Really, all Sacks’s books are an inspiration to me in bringing together scientific and philosophical reflections on various human conditions. In all his books he uses case histories where something is going wrong neurologically. In The Man Who Mistook His Wife for a Hat he talks about prosopagnosia, which is an inability to recognise a face, and then it turns out later in his life he actually has that condition himself. I find that kind of symmetry interesting.
In this book he has some fascinating stories, including a well-known one about Temple Grandin, who was the high-functioning autistic who wrote the book Thinking in Pictures. He describes her ability to ostensibly see the world of animals that are being led to a slaughterhouse in a way that other people, especially those who designed slaughterhouses, could not. That represents the idea of being able to see for someone else.
And her work on this led her to be able to make improvements for animals in slaughterhouses in terms of their experiences there.
Yes, she helped the animals not to be so fearful of approaching their death. There is something paradoxical in that, of course. But putting that aside, it is interesting to me that she was able to realise that something shiny, like light reflecting off a puddle or a swinging chain, might disturb or alarm an animal that has a visual sensitivity to that type of thing.
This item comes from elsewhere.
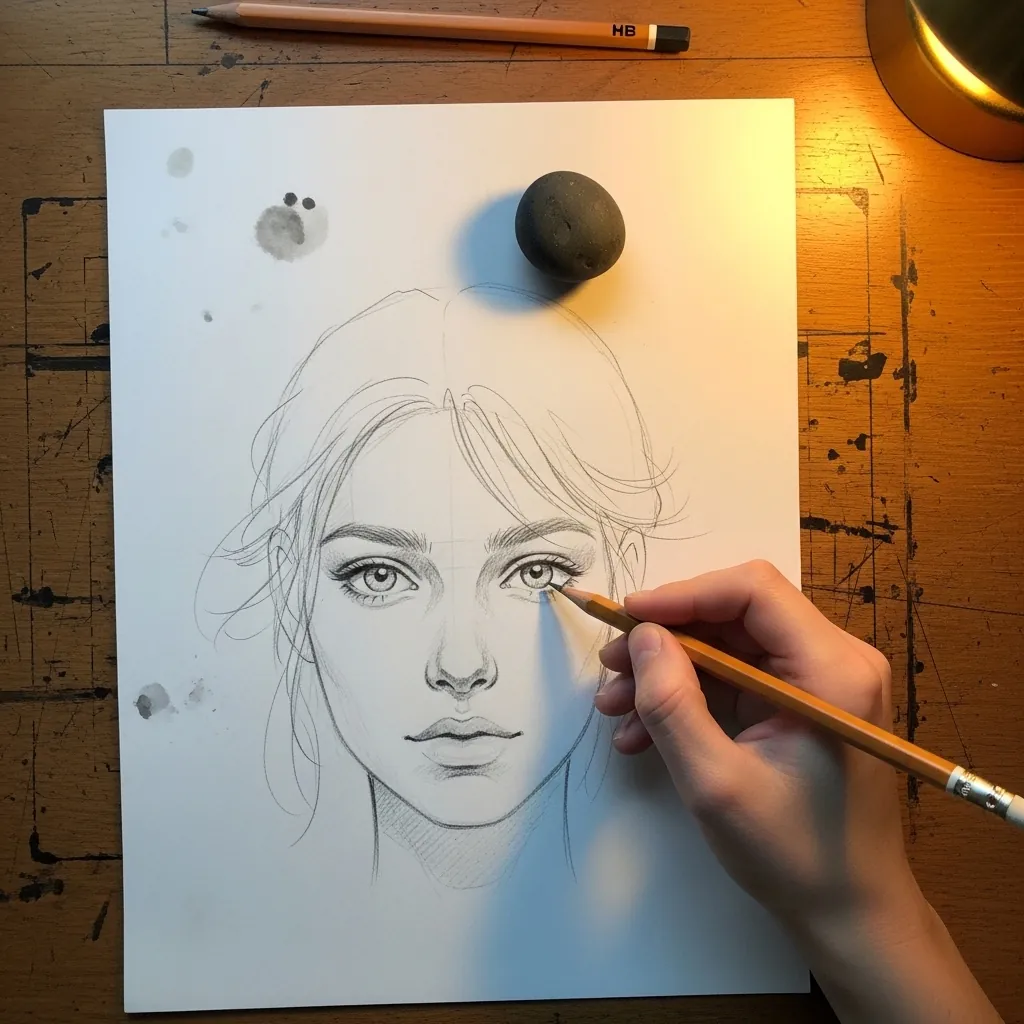 Beginner lifting highlights out of drawn hair with a kneaded eraser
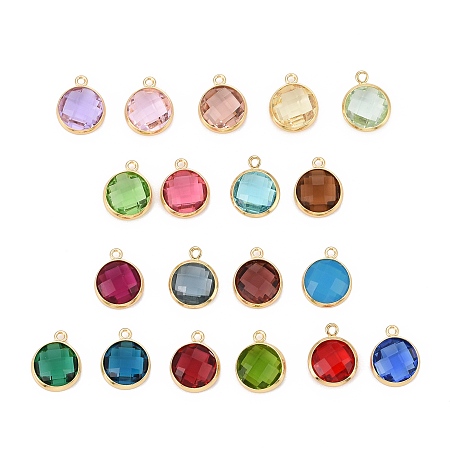 ARRICRAFT Brass Glass Charms, Long-Lasting Plated, Lead Free & Nickel Free & Cadmium Free, Faceted Flat Round, Real 18K Gold Plated, Mixed Color, 13.5x11x5mm, Hole: 1.4mm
Most people wouldn’t think of that because we just go about with our heads and eyes and experiences.
So this book explores some of the other different visions of the world there might be.
That’s right.
Alexandra Horowitz teaches psychology at Columbia University and is author of Inside of a Dog, a book on the psychology of dogs. Before her scientific career, Horowitz worked as a lexicographer at Merriam-Webster and was on the staff of The New Yorker. She and her husband live in New York City with Finnegan, a dog of “indeterminate parentage and determinate character”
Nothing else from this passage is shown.